Completing a postgraduate Master’s degree and exhibiting throughout the UK and Europe significantly reshaped both my artistic and professional development. I was exposed to different critical frameworks and artistic approaches, particularly in relation to landscape, history and place shaped by long and often contested cultural narratives. At the same time, working within these contexts changed how I understood professional practice, from how projects are developed and sustained, to how work is exhibited, contextualised and communicated. These experiences reinforced my understanding of photography as a medium capable of operating across disciplines, sites and temporalities, and continue to inform the way I approach making and presenting work today.
I feel that my visual arts grounding in darkroom practice instilled a sensitivity to process, materiality and time, while my exposure to conceptual and installation-based practices encouraged me to think beyond the single image  and approach photography not as a neutral or purely descriptive tool, but as a spatial and experiential medium, one that can operate across environments and respond to the conditions in which it is made.
Living and working in the UK and Europe for an extended period also sharpened my awareness of borders, displacement and cultural difference, shaping my commitment to research-led practice and sustained engagement with sites, questioning with curiosity and remaining attentive, I think about how histories, social structures and power relations are embedded in landscapes, often invisibly.
Returning to Australia in the late 1980s, I feel I brought with me an international perspective that continues to inform my work, one of looking outward and open to change, valuing experimentation and resisting fixed interpretations.
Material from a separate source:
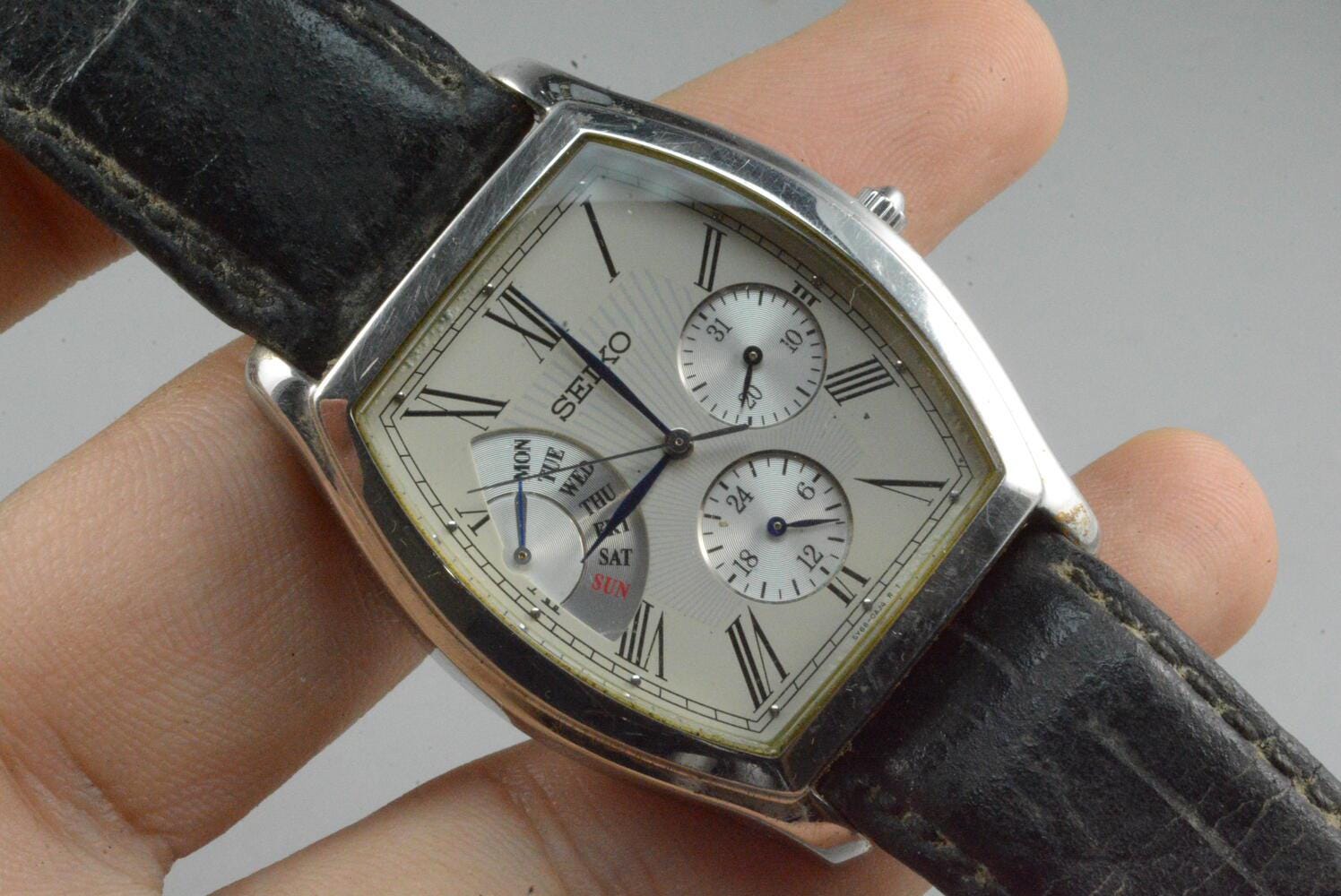 Vintage Seiko 5Y66 0AF0 Roman Numeric Dial Men Quartz Watch Japan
I can sense that these principles underpin my current practice, where photography and other media are not used to define or stabilise place, but to encounter it, allowing ambiguity, curiosity, instability and multiple readings to remain present, I feel.
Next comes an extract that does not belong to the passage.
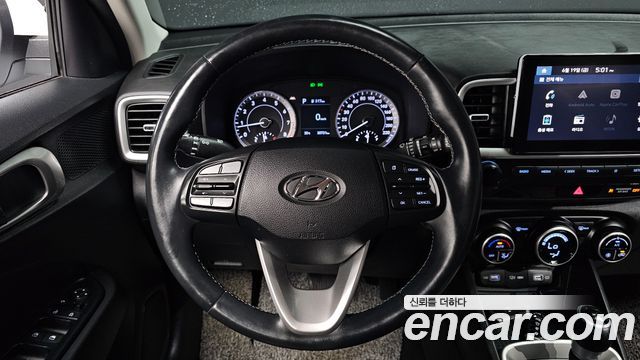 Hyundai Venue 2022 — photo 19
deadcalm tower 21, closeupatadistance Dead Sea Project, photograph, 150 x 240 cm, 2016 © Lynne Roberts-Goodwin

deadcalm border 132, closeupatadistance Dead Sea Project, photograph, 150 x 240 cm, 2016 © Lynne Roberts-Goodwin

Photography has remained central to your practice, even as you work with sculpture and video. What draws you repeatedly to the photographic image as a primary medium?
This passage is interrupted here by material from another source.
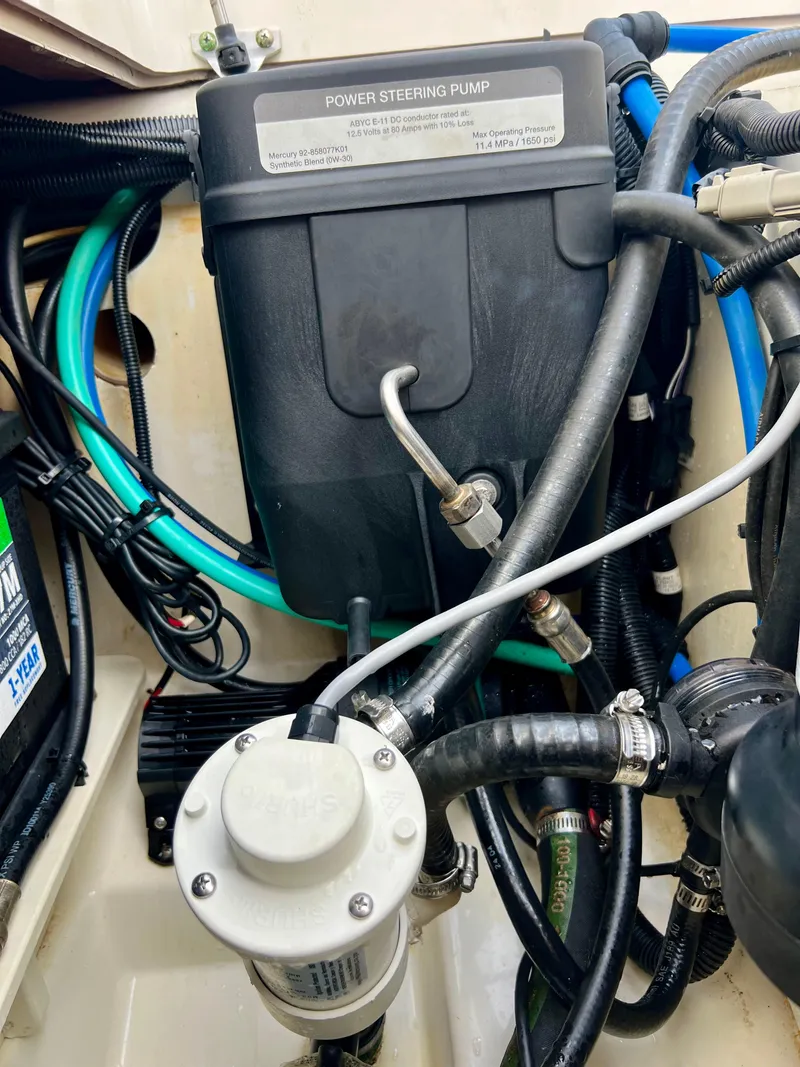 Slide: The Image of Boston Whaler 250 Outrage 2015 - 51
Interesting to reflect on this question as the photographic image and the experience of looking at photographs and the image are now ubiquitous in the digital era, where often these are the currency of communication, shared globally and instantly! Yes, my principal use of photography, both digital and analogue, functions as my primary visual language and often as the initial creative impetus for a project. Photography and the photographic image itself, I feel, allow me to speculate, to linger in a state of wondering, and to sit with uncertainty, giving me a way to question what it is I am looking at, what I am sensing, and how I am culturally positioned in relation to what is before me. The image becomes a space where perception, feeling and awareness intersect, rather than a tool for resolution. Importantly for me is photography’s potential as a visual language, and in a poetic way, the photographic image has become my fingerprints that carry a unique impression and sense of belonging.
What I feel repeatedly draws me to photography is not habit, nor a fixed or automatic response to the world, but perhaps my relationship to the camera and the photographic medium is irregular and deliberately non-precious, though continually holding its many histories and narratives close. There are long periods when my cameras lie dormant while I research, read, write and develop conceptual frameworks. So, photography does not lead every project, but emerges when it is needed. I do have specific notebooks for each project, where I sketch, write, notate geo-locations, people’s names, potential camera settings and ideas, etc., which become a form of critical reference throughout projects, and which are added to progressively. When I begin working in the field, the camera and the photographic image/s become a means of thinking rather than recording.
I’m also drawn to the photographic image as a form of visual sketching. These initial photographic gestures are not about producing finished works as I said, but about testing ideas, sensing atmospheres and registering spatial or cultural cues prior to coming back to my studio to test ideas before returning to undertake more image captures. Working in this way gives me the freedom to be less self-conscious, less controlled and less attached to outcome.
Also, the photographic image offers a particular elasticity in a way, allowing me to move between observation and abstraction, between intimacy and distance, and I’m drawn to its ability to hold contradiction, to suggest presence while withholding explanation. Photographic images can feel familiar, even recognisable, yet remain unresolved, and this tension is important to me, mirroring how places are experienced and carry layered histories and where meaning is never singular or fully visible.
In this sense, I feel photography and the image operate as an expanded way of thinking through concepts, as I mentioned, particularly in my studio environment and works as not simply a medium for representation, but perhaps as an imaging process that unfolds alongside research, movement and encounter. In reflecting on this question, I feel the act of photographing and its subsequent image/s become a way of paying attention, of slowing down, and of allowing ambiguity and failure to remain productive. Rather than clarifying what I already know, photography helps me question and stay with what I don’t yet understand, if that makes sense.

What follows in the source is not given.